Semi-In Vivo Assay for Pollen Tube Attraction.

In flowering plants, each pollen tube delivers two sperm cells into the ovule to complete double fertilization. During the process, pollen tubes need to be navigated into the ovule, where accurate and complex pre-ovule guidance and ovule guidance are required. In recent years, different methods have been established to study those genes involved in the regulation of pollen tube guidance. Semi-in vivo ovule targeting mimics in vivo pollen tube micropylar guidance, and the semi-in vivo ovule targeting assay has been used to investigate function of genes involved in micropylar guidance. Moreover, the ovule targeting assay is the best way to do live cell imaging, which facilitates observation of pollen tube reception, synergid cell degeneration, and semi-in vivo gamete fusion. Meanwhile, semi-in vivo pollen tube attraction assay is another useful method to directly determine whether a certain molecule has pollen tube attraction activity.

Internally Controlled Methods to Quantify Pollen Tube Growth and Penetration Defects in Arabidopsis thaliana.

Double-fertilization in angiosperms requires precise communication between the male gametophyte (pollen), the female tissues, and the associated female gametophyte (embryo sac) to facilitate efficient fertilization.
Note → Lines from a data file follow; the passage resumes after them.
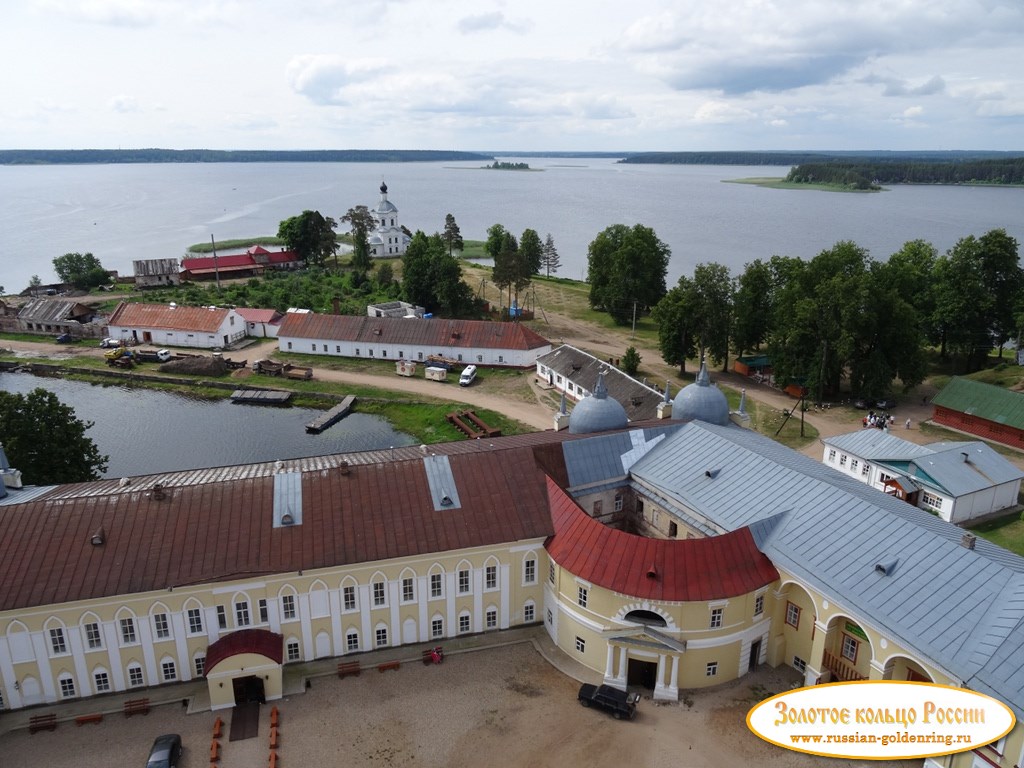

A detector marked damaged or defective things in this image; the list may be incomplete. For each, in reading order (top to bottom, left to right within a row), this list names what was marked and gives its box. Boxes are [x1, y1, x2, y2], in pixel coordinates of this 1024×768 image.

rusty metal roof [276, 311, 552, 354] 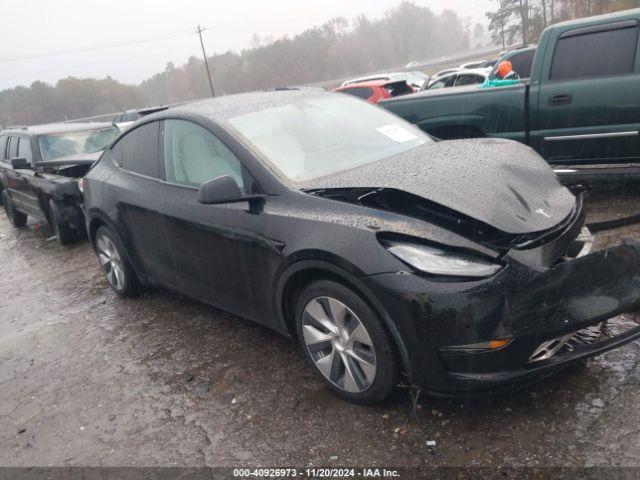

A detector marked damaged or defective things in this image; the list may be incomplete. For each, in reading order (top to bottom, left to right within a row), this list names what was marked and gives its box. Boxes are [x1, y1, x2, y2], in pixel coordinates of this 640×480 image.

crumpled hood [302, 137, 576, 234]
cracked headlight lens [384, 240, 500, 278]
damaged front bumper [362, 237, 640, 394]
Numerous small molecules, proteins, and peptides have been shown to impact double-fertilization through the disruption of pollen germination, pollen tube growth, pollen tube guidance, or pollen tube penetration of the female tissues. The genetic basis of signaling events that lead to successful double-fertilization has been greatly facilitated by studies in the model organism Arabidopsis thaliana, which possesses a relatively simple reproductive physiology and a widely available T-DNA mutant seed collection. In this chapter, we detail methods for determining the effects of single gene loss-of-function mutations on pollen behavior through the creation of an internally controlled fluorescent hemizygous complement line. By transforming a single copy of the disrupted gene back into the homozygous mutant background, a precise endogenous control is generated due to the fact that pollen containing equal ratios of mutant and complemented pollen can be collected from a single flower. Using this experimental design, we describe multiple assays that can be performed in series to assess mutant pollen defects in germination, pollen tube elongation rate, and pistil penetration, which can be easily quantified alongside a "near-wildtype" complemented counterpart.
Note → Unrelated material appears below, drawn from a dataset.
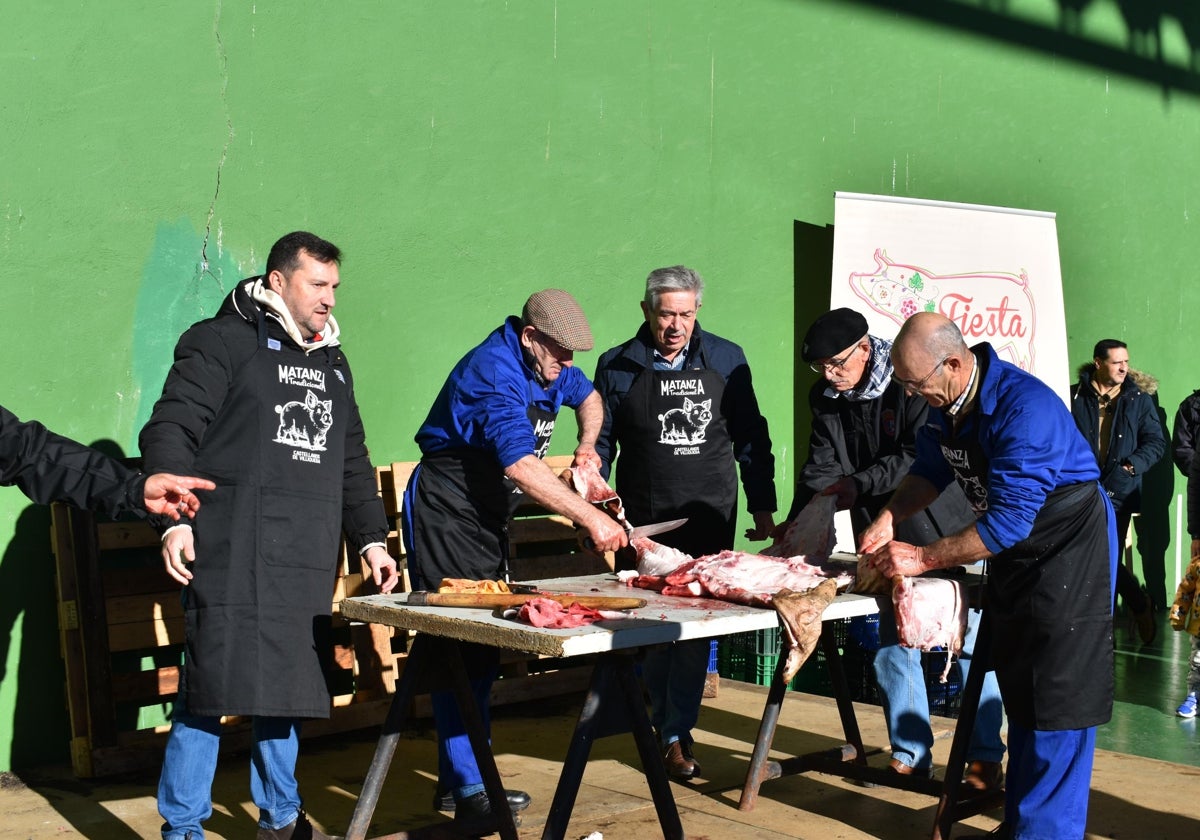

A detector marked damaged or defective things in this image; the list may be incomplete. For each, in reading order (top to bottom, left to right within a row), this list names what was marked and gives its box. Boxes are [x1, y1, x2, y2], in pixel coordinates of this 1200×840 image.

crack in wall [200, 0, 235, 286]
Galvanotropic Chamber for Controlled Reorientation of Pollen Tube Growth and Simultaneous Confocal Imaging of Intracellular Dynamics.
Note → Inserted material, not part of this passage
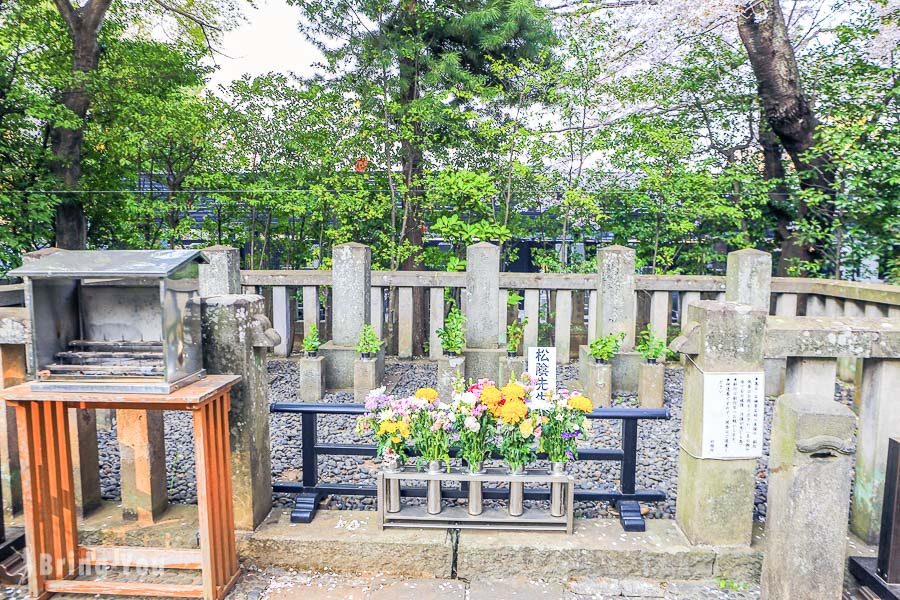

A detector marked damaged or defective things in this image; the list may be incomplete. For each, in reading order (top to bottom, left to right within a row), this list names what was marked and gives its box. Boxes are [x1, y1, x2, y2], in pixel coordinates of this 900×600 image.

rusty wooden frame [0, 376, 239, 600]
Successful fertilization and seed set require the pollen tube to grow through several tissues, to change its growth orientation by responding to directional cues, and to ultimately reach the embryo sac and deliver the paternal genetic material. The ability to respond to external directional cues is, therefore, a pivotal feature of pollen tube behavior. In order to study the regulatory mechanisms controlling and mediating pollen tube tropic growth, a robust and reproducible method for the induction of growth reorientation in vitro is required. Here we describe a galvanotropic chamber designed to expose growing pollen tubes to precisely calibrated directional cues triggering reorientation while simultaneously tracking subcellular processes using live cell imaging and confocal laser scanning microscopy.